Assignment - What is needed is an exact copy of every entry, without the pictures.

(Scraped caption text data)
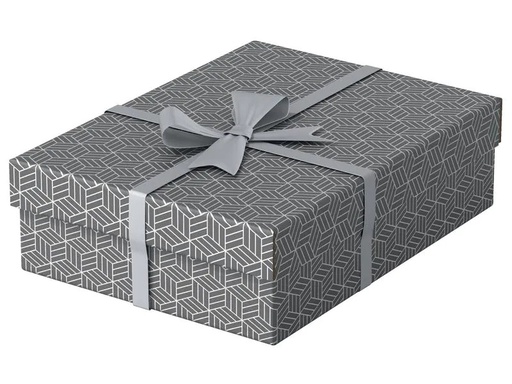 [90180535 1227004] Leitz Aufbewahrungsbox Esselte Home M flach Mittel, 3 Stück, Grau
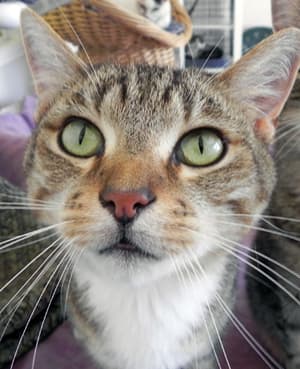 A Cat in Critical Condition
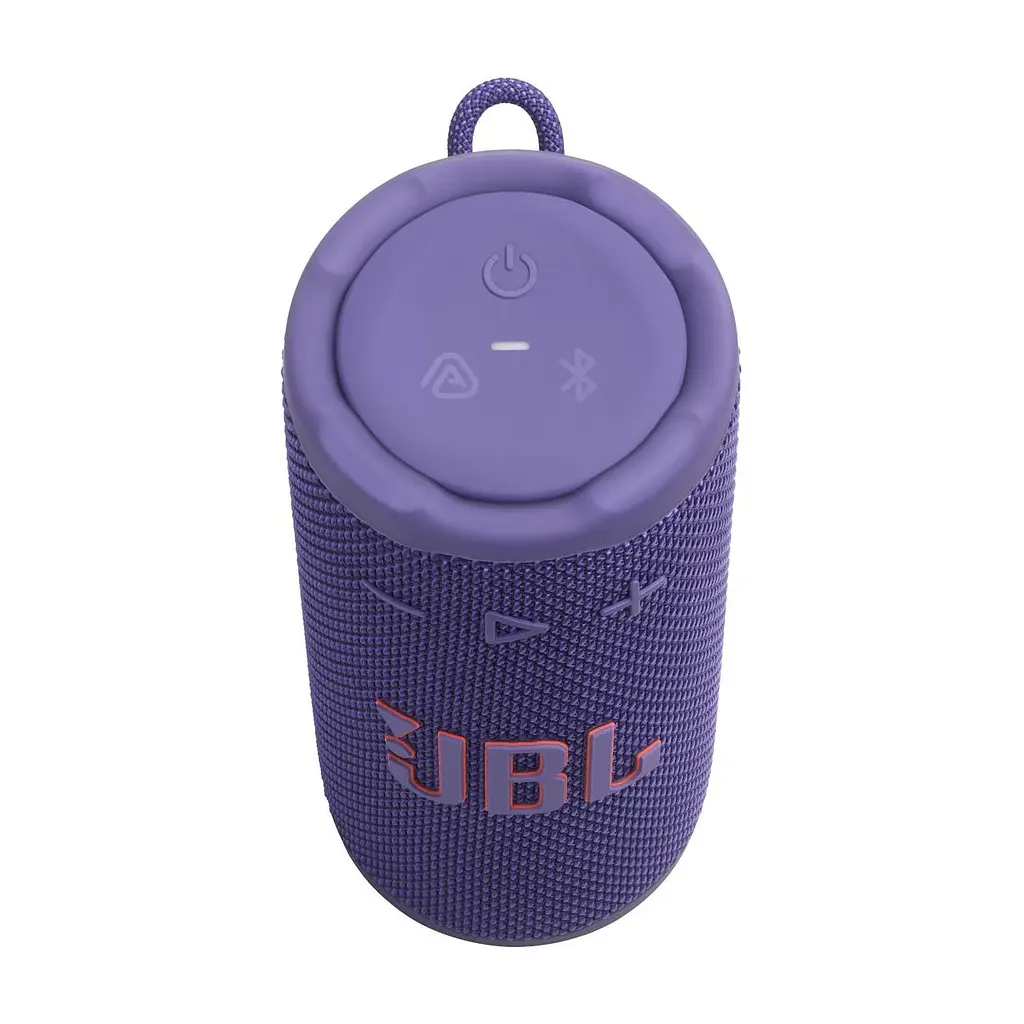 Акустическая система портативная из БТ JBL JBLGRIPPUR - фото 3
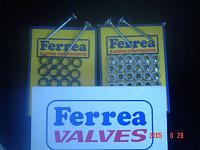 Rebuilt head and AEBS 4.3 Stroker Kit-ferrera-valve-kit.jpg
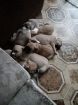 Американские стафордширские щенки в Омске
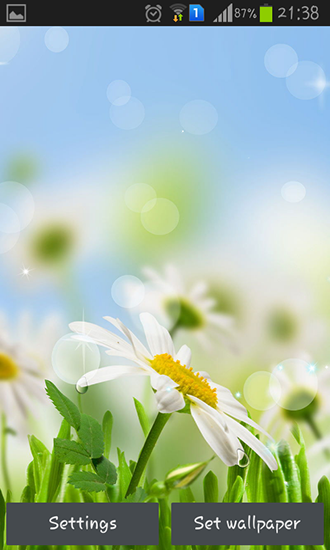 Spring flower apk - free download.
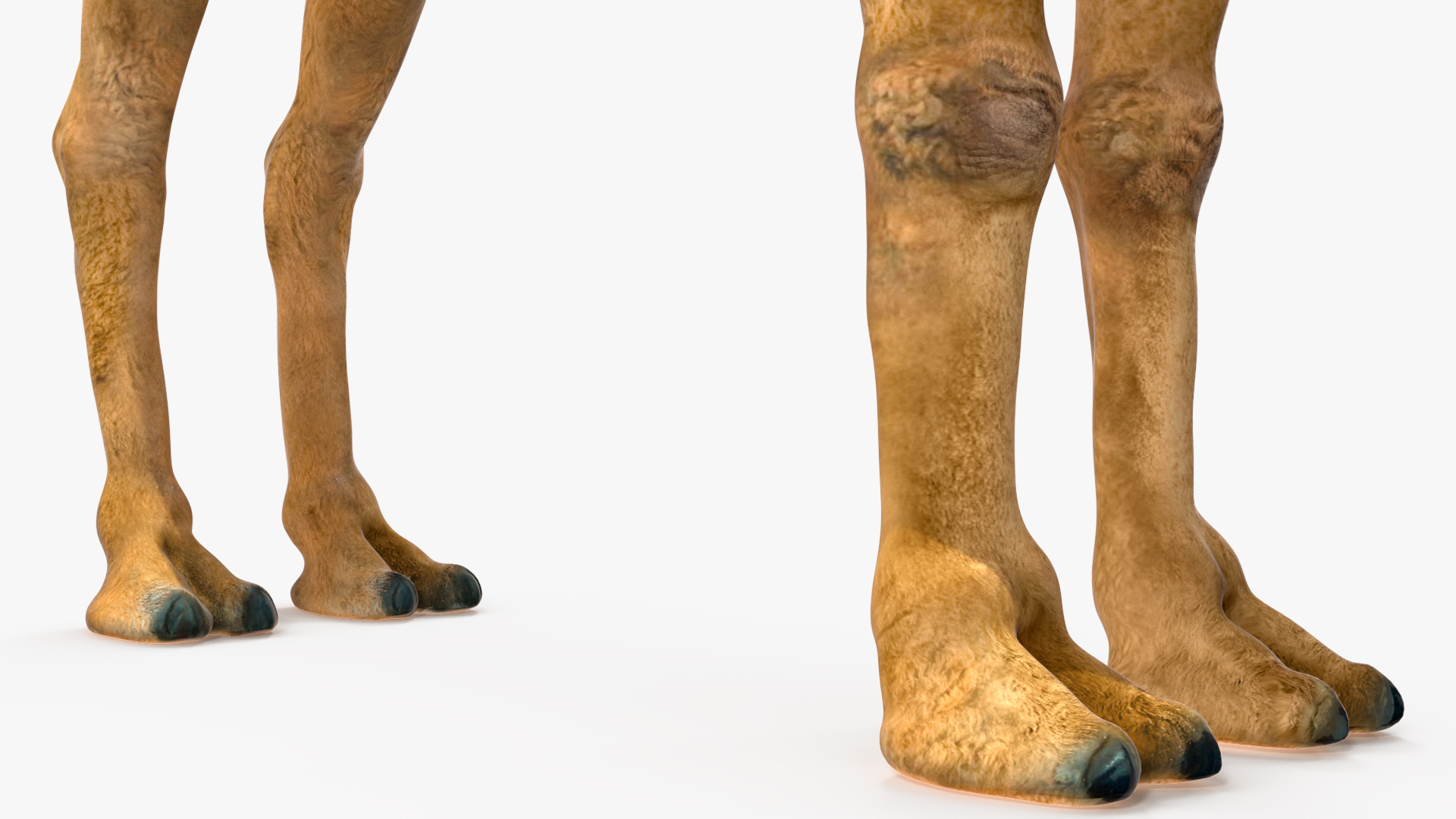 3D model Bactrian Camel Rigged for Cinema 4D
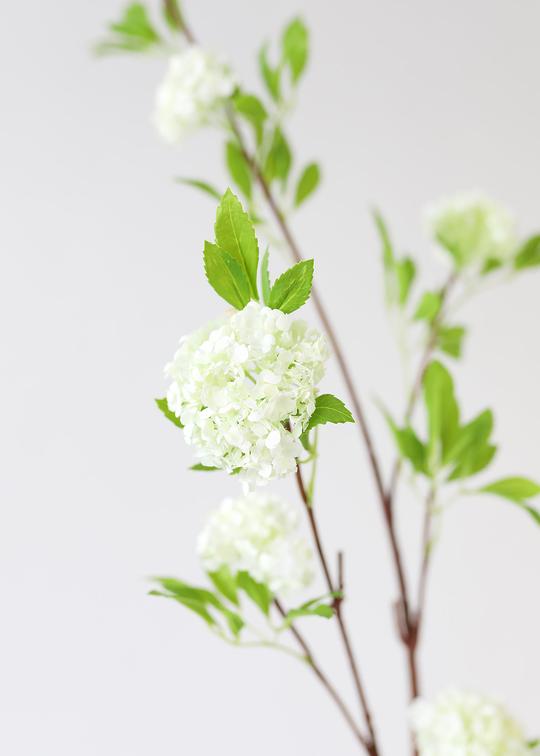 Viburnum Wildflower Branch - 46"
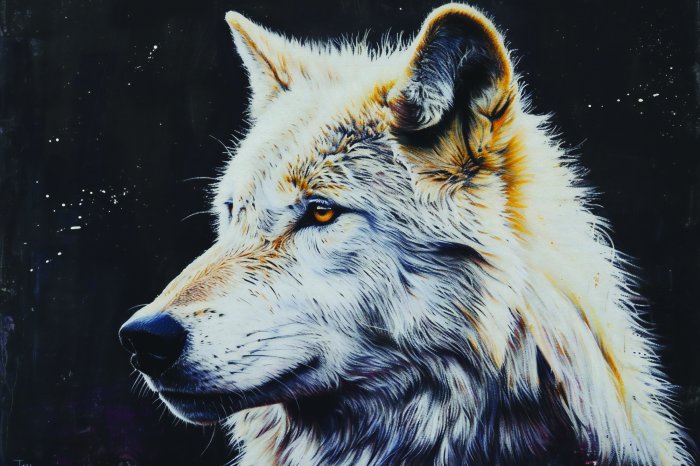 Fotobehang Portret van een wolf met een contrasterende donkere achtergrond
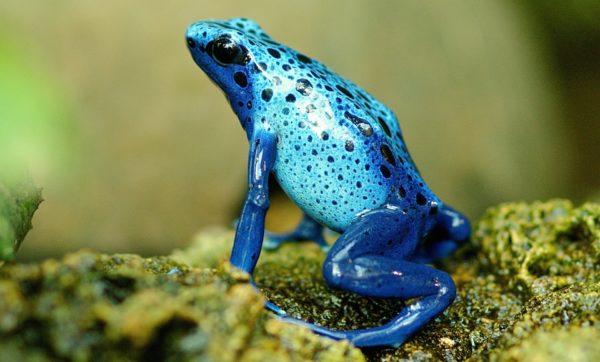 La grenouille, le bœuf et le COVID-19 La grenouille, le bœuf et le COVID-19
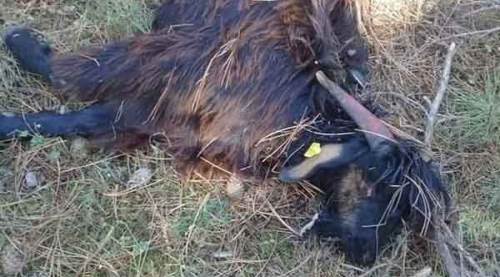 Kurtların saldırdığı 9 küçükbaş hayvan telef oldu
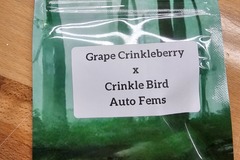 Venta: Grape Crinklebery x Crinkle Bird  - 10 AUTO FEMS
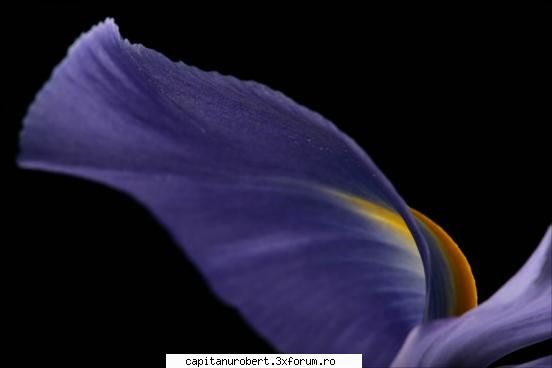 wallpapers - ) .... hai k bag niste wallpapere... ;;) - WALLPAPERS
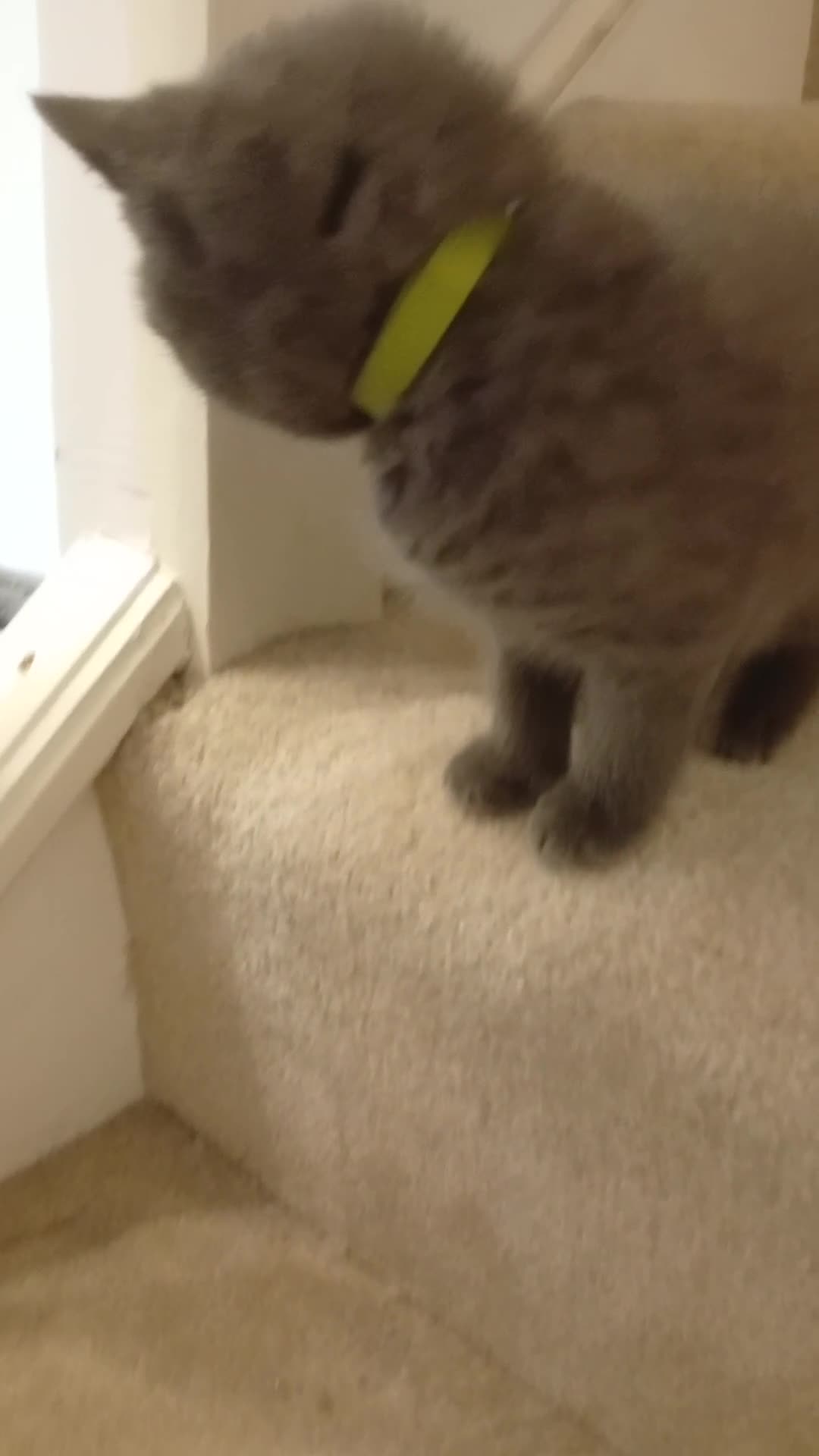 British Shorthair cats for sale: British shorthair - Video 1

Response to this task -
 [90180535 1227004] Leitz Aufbewahrungsbox Esselte Home M flach Mittel, 3 Stück, Grau
 A Cat in Critical Condition
 Акустическая система портативная из БТ JBL JBLGRIPPUR - фото 3
 Rebuilt head and AEBS 4.3 Stroker Kit-ferrera-valve-kit.jpg
 Американские стафордширские щенки в Омске
 Spring flower apk - free download.
 3D model Bactrian Camel Rigged for Cinema 4D
 Viburnum Wildflower Branch - 46"
 Fotobehang Portret van een wolf met een contrasterende donkere achtergrond
 La grenouille, le bœuf et le COVID-19 La grenouille, le bœuf et le COVID-19
 Kurtların saldırdığı 9 küçükbaş hayvan telef oldu
 Venta: Grape Crinklebery x Crinkle Bird  - 10 AUTO FEMS
 wallpapers - ) .... hai k bag niste wallpapere... ;;) - WALLPAPERS
 British Shorthair cats for sale: British shorthair - Video 1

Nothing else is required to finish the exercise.